A narrativa, segundo Sodré e Ferrari (1986), constitui-se por descrever a realidade
factual do dia a dia e pelo cotidiano trabalhado discursivamente. Bastos (2005) acredita que a
linguagem do jornalismo literário é capaz de se adaptar a outros tipos de linguagem.
Pena (2013) destaca que na sexta ponta é necessário criar alternativas para não ouvir
sempre as mesmas fontes, também conhecidas como as oficiais e primárias. É preciso ouvir
diferentes pontos de vista. E, portanto, a última ponta da estrela trata da perenidade, cuja
finalidade é de fazer com que a reportagem permaneça e não seja esquecida pelo leitor pouco
tempo após sua publicação.
Conforme Bastos (2005), o jornalismo literário possui grande relevância, pois é capaz
de contribuir de maneira significativa para com a visão crítica do leitor, além de acompanhar a
tendência literária tanto no país quanto no mundo.

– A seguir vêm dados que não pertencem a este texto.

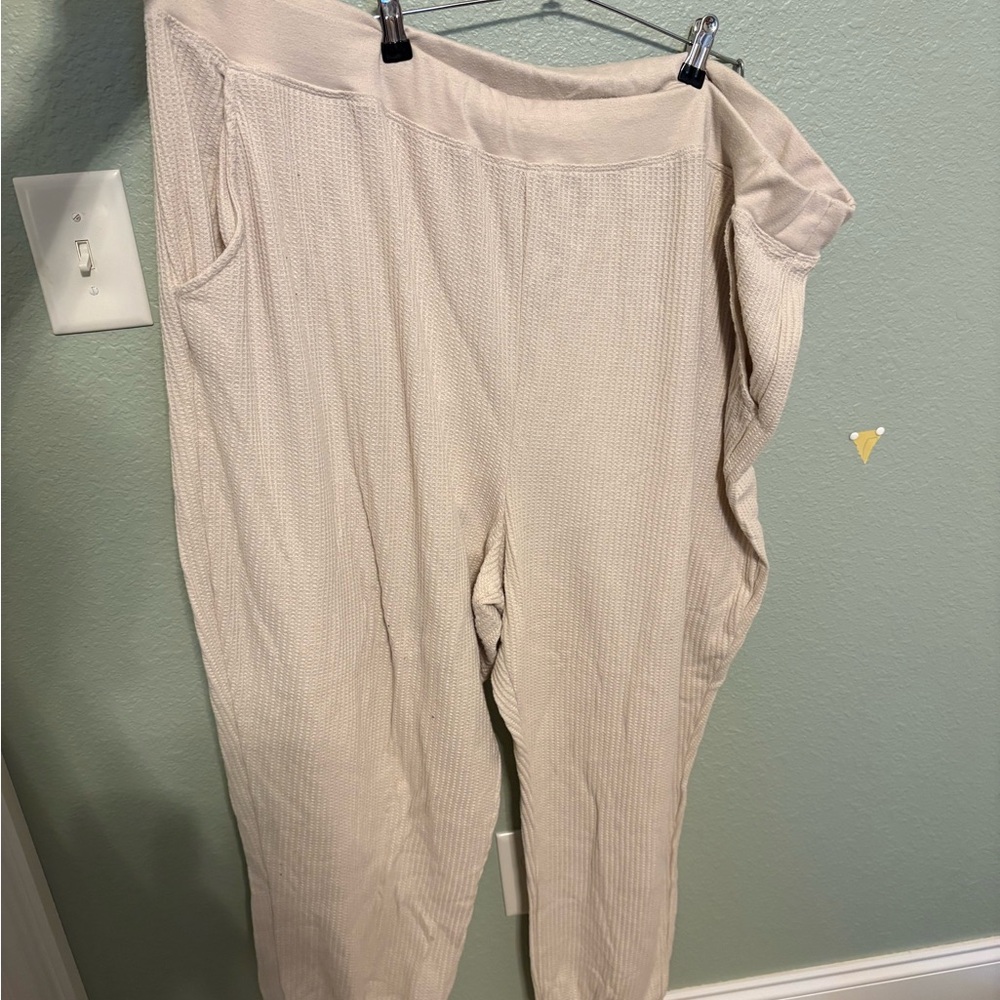 Old Navy Women's Waffle Knit Cream Joggers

O repórter precisa ter uma observação
sensível dos fatos, escrevendo um texto com qualidade.
De acordo com a concepção de Olinto (2008), um dos pontos imprescindíveis em um
repórter é o seu íntimo contato com a realidade, transmitindo-a sob a perspectiva do que viu e
sentiu, como é evidente nos textos literários.
“No ponto intermediário do trabalho, o repórter precisa de já ter adquirido sua
linguagem. Não existe, no jornalismo concebido em termos mais avançados, o estilo de um
jornal. Existe, sim, o estilo de um jornalista”. (OLINTO, 2008, p. 28)

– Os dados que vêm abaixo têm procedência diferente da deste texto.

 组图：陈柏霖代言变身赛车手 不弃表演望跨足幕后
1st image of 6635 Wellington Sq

Segundo Sodré e Ferrari (1986), o jornalista precisa conquistar o leitor de forma
sedutora, na reportagem em que são narrados os acontecimentos da atualidade. A maneira de
escrever o texto é fundamental para chamar a atenção do público e o fazer se interessar pelo
assunto descrito.
Em se tratando da relação entre o jornalismo literário e a literatura, Bastos (2005)
afirma que eles não são sinônimos. O jornalismo possui o compromisso com uma suposta
verdade, por outro lado, a literatura não possui. Ele acrescenta que o repórter deve ter a
sensibilidade para capturar as emoções e os detalhes que estão ao seu redor.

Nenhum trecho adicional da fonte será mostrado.